* EXERCISE BRIEF:
From start to end, write out the following data exactly, apart from its images.

* DATA EXCERPT:
● ● ● ● ●
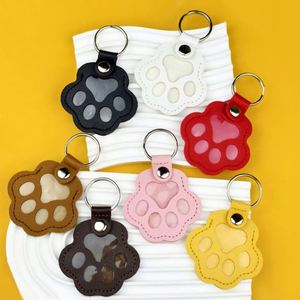Llavero con forma de pata de gato para guardar el pelo de tu mascota, de cuero PU, recuerdo conmemorativo para amantes de perros y gatos - Product Image 1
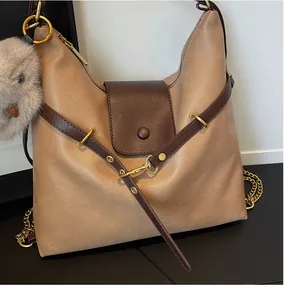 Detail of vintage tote bag with two-tone brown stitching, metal hooks and pompom charm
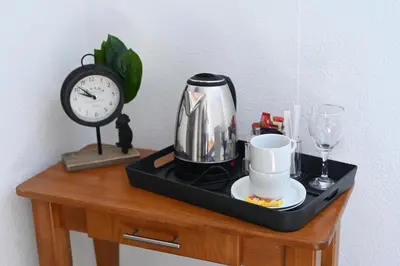 a tray with a coffee maker and a clock on a table at Sobe - Rooms Drvorez in Banja Luka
● ● ● ● ●
* EXERCISE RESPONSE:
Llavero con forma de pata de gato para guardar el pelo de tu mascota, de cuero PU, recuerdo conmemorativo para amantes de perros y gatos - Product Image 1
 Detail of vintage tote bag with two-tone brown stitching, metal hooks and pompom charm
 a tray with a coffee maker and a clock on a table at Sobe - Rooms Drvorez in Banja Luka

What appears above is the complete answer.